» **WORK TASK**
In the records below, the lines from the one containing "Cô gái đột nhiên" through the last are to be reproduced exactly and alone.

(Beginning of RECORDS SUPPLIED)

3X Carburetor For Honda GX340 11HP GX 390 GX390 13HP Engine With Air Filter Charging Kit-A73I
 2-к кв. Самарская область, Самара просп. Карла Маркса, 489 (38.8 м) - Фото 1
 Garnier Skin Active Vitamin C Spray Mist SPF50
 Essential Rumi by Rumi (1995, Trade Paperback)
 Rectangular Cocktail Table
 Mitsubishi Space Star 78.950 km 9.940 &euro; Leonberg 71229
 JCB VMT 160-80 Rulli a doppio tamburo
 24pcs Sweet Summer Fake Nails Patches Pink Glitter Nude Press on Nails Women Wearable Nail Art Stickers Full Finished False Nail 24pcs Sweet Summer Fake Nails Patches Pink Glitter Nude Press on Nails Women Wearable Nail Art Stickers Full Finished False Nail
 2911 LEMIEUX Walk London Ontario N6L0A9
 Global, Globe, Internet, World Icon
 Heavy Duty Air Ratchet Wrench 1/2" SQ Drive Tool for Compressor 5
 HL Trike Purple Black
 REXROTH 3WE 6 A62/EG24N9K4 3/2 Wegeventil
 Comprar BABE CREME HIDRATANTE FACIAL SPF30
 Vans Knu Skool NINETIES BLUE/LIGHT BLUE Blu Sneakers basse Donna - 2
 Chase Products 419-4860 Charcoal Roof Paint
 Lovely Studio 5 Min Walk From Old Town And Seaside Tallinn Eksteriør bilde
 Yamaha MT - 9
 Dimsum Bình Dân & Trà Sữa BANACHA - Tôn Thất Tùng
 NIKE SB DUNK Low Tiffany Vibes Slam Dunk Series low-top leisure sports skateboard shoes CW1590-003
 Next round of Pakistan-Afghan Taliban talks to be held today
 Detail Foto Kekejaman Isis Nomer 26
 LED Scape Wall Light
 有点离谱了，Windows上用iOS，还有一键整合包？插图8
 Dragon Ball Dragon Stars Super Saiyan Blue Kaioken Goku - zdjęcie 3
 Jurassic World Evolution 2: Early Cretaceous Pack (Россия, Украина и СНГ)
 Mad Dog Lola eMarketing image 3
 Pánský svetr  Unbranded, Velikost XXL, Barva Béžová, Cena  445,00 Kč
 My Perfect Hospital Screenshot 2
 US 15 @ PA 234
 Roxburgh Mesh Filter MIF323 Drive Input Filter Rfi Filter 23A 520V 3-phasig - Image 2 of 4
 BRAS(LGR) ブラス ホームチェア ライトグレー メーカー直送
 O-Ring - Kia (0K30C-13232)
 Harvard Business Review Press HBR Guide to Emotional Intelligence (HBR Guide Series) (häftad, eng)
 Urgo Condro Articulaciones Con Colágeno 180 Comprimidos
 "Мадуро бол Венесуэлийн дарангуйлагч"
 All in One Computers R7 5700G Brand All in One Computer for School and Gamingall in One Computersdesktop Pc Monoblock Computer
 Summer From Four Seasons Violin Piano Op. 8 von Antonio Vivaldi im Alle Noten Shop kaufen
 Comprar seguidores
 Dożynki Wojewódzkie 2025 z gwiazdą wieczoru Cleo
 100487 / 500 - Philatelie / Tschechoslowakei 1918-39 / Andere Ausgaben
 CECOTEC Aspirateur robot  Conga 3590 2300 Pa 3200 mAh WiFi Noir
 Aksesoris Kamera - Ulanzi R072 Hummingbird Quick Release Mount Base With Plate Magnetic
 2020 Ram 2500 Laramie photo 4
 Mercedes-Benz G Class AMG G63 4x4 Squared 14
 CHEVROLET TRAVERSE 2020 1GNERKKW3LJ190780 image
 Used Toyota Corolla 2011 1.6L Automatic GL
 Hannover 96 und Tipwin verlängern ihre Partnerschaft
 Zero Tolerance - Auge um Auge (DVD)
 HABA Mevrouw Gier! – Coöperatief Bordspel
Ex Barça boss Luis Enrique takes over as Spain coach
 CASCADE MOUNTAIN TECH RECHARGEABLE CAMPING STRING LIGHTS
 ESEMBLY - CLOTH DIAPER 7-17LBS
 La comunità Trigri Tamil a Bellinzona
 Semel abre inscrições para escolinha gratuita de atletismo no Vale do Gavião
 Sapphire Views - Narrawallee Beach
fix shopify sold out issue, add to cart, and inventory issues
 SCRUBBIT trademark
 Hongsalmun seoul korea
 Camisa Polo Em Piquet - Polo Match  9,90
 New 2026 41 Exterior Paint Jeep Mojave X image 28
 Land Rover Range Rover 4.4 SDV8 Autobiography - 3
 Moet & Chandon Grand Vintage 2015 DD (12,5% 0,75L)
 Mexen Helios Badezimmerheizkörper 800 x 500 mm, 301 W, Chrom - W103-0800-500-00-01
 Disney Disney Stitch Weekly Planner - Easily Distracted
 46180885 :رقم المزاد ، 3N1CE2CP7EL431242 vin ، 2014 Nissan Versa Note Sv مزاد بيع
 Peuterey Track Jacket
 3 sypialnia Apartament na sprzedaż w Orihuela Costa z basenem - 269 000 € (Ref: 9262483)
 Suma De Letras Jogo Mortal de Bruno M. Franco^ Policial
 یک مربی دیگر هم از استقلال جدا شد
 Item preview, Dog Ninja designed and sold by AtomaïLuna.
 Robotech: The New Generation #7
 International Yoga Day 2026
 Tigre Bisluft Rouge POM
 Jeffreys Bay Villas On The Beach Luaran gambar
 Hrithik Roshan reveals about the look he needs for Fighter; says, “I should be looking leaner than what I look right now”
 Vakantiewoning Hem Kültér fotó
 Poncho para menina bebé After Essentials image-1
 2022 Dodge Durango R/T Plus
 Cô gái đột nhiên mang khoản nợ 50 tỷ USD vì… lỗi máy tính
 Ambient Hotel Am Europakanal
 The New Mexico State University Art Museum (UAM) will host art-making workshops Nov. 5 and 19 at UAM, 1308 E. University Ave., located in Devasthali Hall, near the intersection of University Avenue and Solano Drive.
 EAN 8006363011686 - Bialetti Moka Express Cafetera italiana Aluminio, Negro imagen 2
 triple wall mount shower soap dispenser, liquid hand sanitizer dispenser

(End of RECORDS SUPPLIED)

» **WRITTEN ANSWER**
 Cô gái đột nhiên mang khoản nợ 50 tỷ USD vì… lỗi máy tính
 Ambient Hotel Am Europakanal
 The New Mexico State University Art Museum (UAM) will host art-making workshops Nov. 5 and 19 at UAM, 1308 E. University Ave., located in Devasthali Hall, near the intersection of University Avenue and Solano Drive.
 EAN 8006363011686 - Bialetti Moka Express Cafetera italiana Aluminio, Negro imagen 2
 triple wall mount shower soap dispenser, liquid hand sanitizer dispenser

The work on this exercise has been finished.